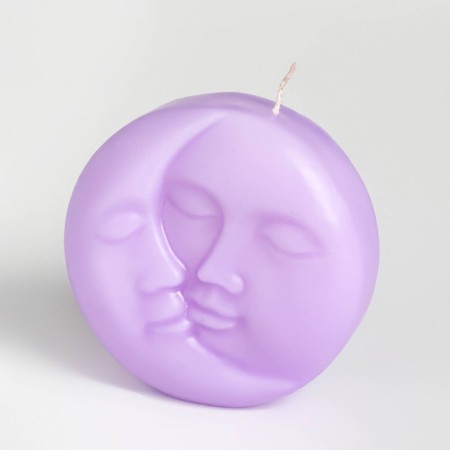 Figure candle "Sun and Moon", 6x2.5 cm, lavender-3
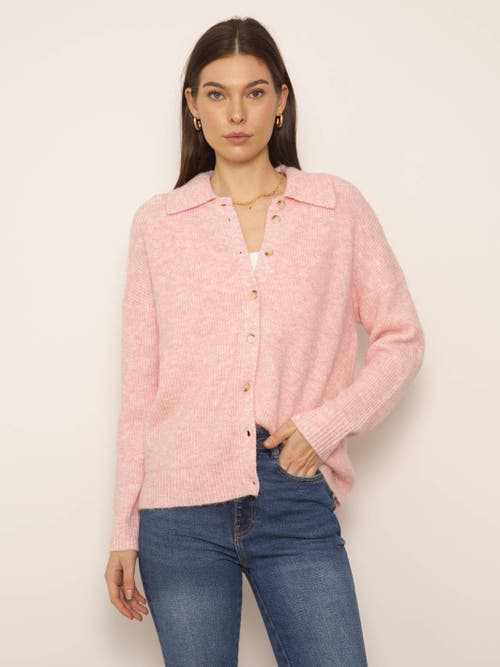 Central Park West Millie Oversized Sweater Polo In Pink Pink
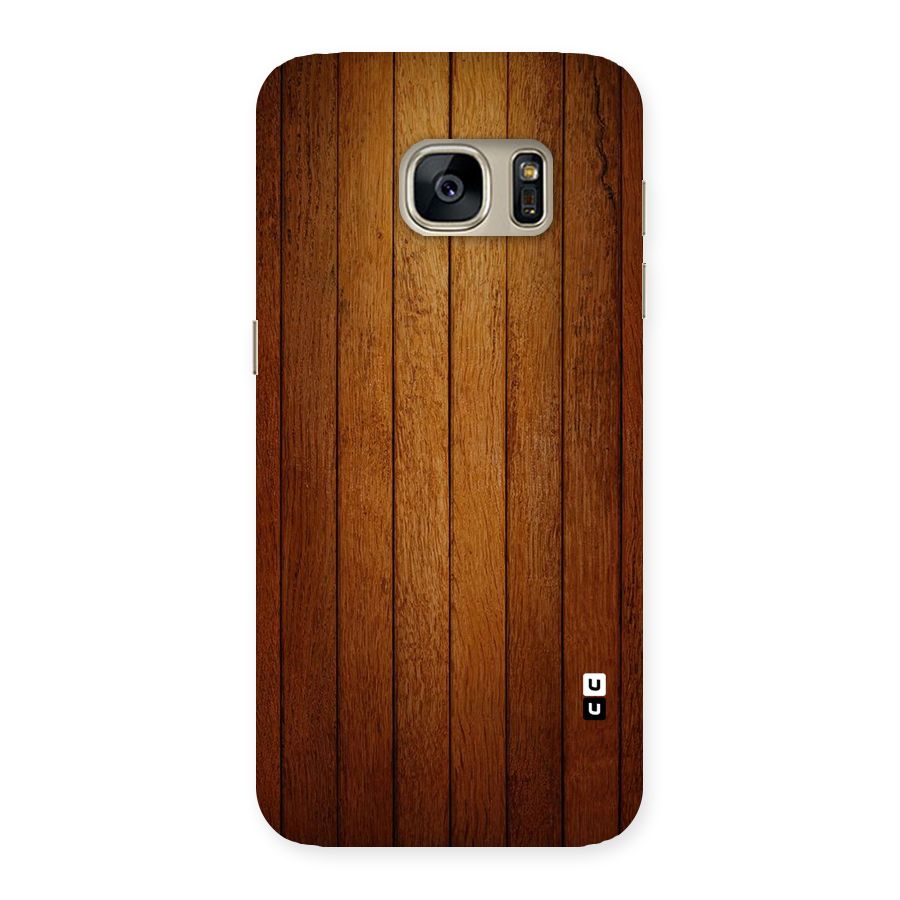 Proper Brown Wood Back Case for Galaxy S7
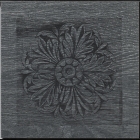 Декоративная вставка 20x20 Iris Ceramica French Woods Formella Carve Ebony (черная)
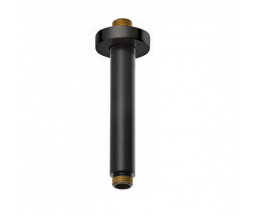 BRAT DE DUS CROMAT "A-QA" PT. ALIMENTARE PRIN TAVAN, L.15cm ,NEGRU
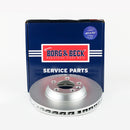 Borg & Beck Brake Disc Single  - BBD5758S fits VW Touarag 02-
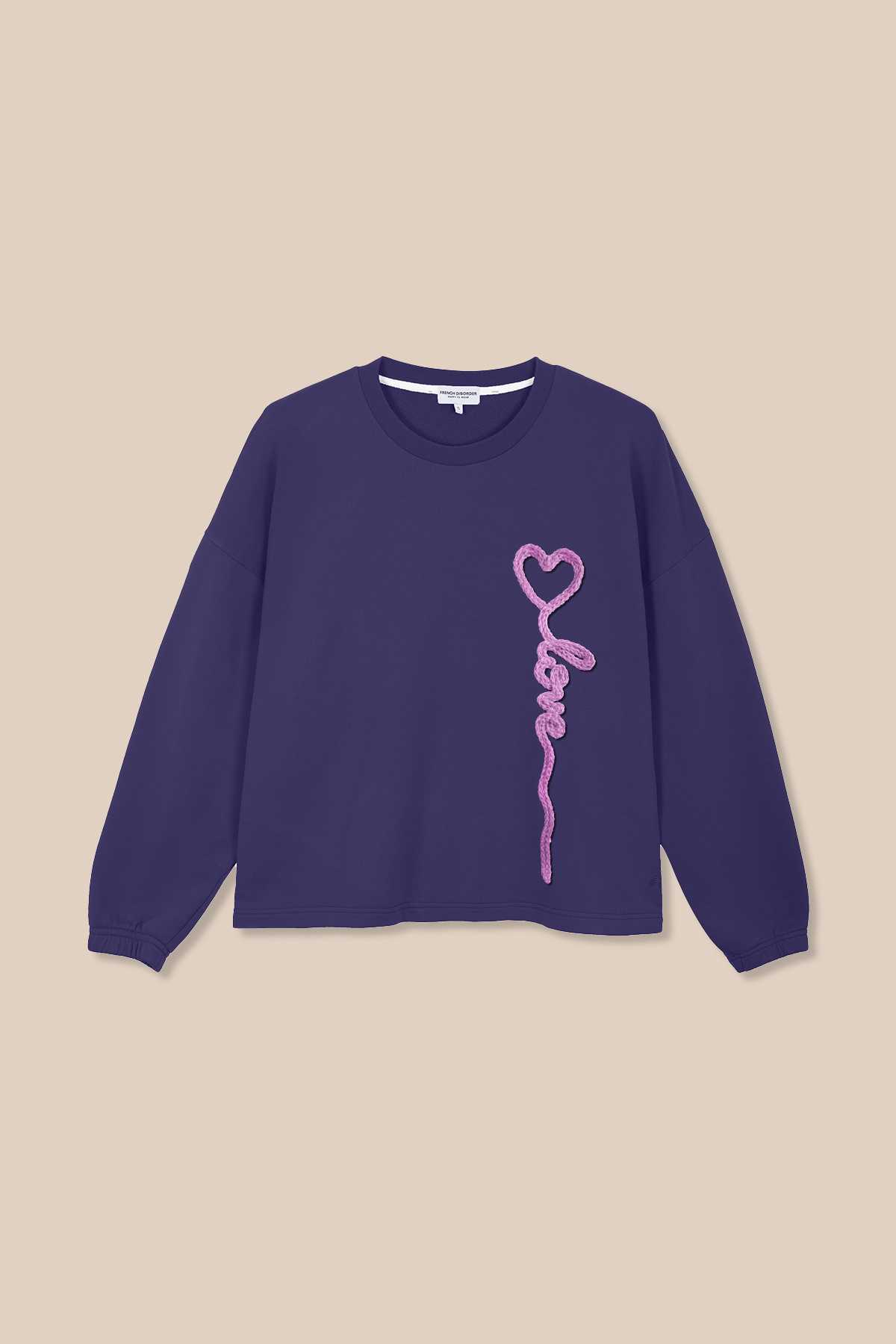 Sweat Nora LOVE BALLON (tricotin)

==

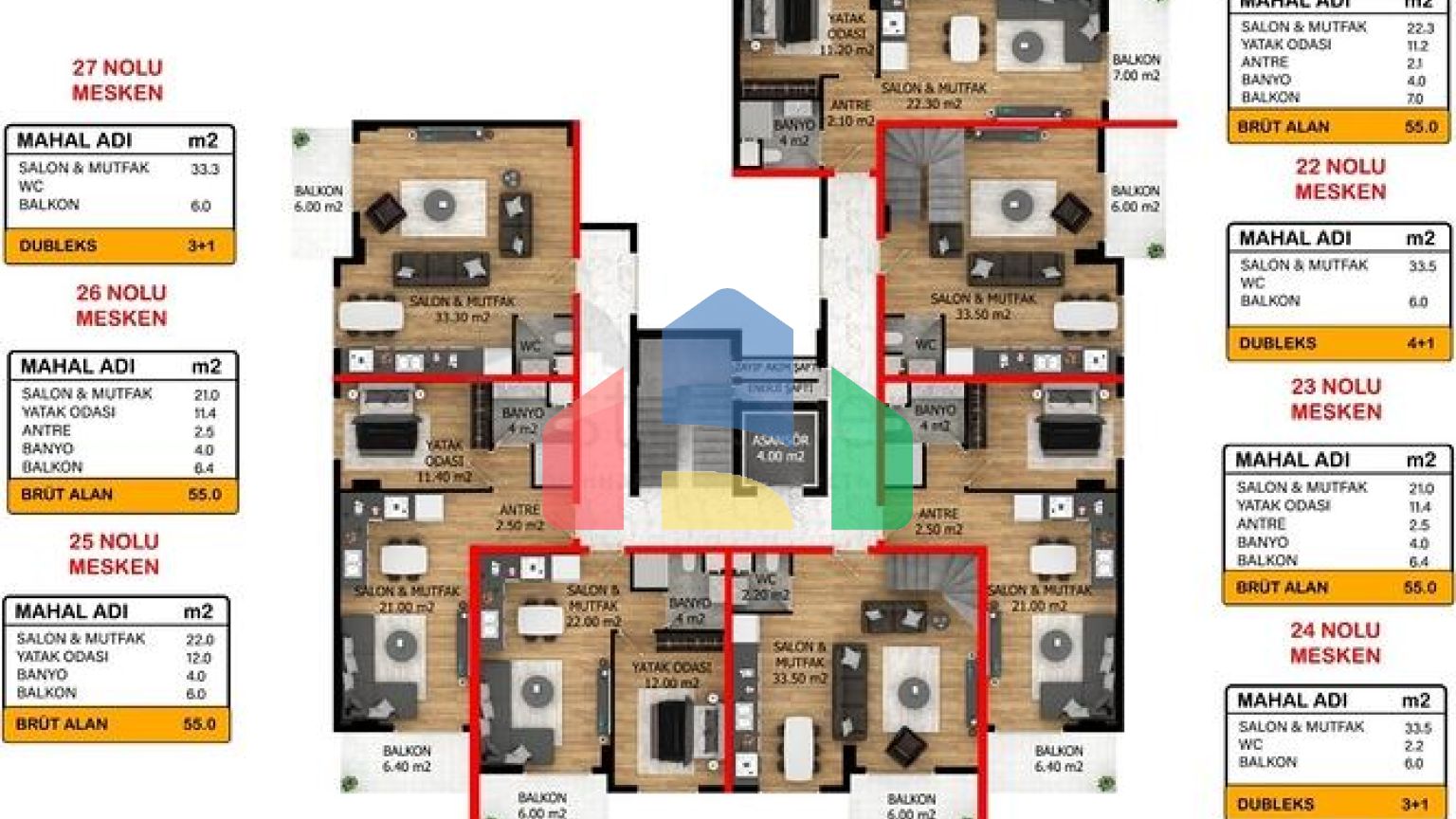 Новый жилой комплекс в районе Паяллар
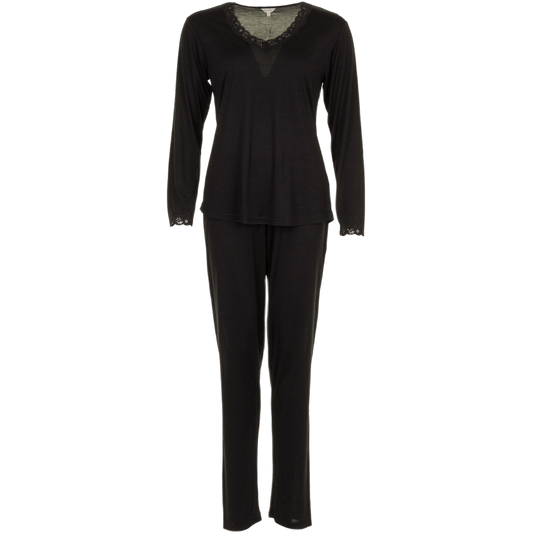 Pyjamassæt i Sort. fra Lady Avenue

...

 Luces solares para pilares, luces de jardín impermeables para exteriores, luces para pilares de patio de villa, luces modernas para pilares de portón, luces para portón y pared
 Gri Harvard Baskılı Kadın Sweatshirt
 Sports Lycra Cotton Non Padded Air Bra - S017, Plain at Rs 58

_Exercise requirements_:
In the listing above, find the line containing "6x2.5 cm, lavender-3" and the line containing "Sweat Nora LOVE BALLON (tricotin)", then write out both of them and every line between, exactly, with no pictures.

_Your response_:
 Figure candle "Sun and Moon", 6x2.5 cm, lavender-3
 Central Park West Millie Oversized Sweater Polo In Pink Pink
 Proper Brown Wood Back Case for Galaxy S7
 Декоративная вставка 20x20 Iris Ceramica French Woods Formella Carve Ebony (черная)
 BRAT DE DUS CROMAT "A-QA" PT. ALIMENTARE PRIN TAVAN, L.15cm ,NEGRU
 Borg & Beck Brake Disc Single  - BBD5758S fits VW Touarag 02-
 Sweat Nora LOVE BALLON (tricotin)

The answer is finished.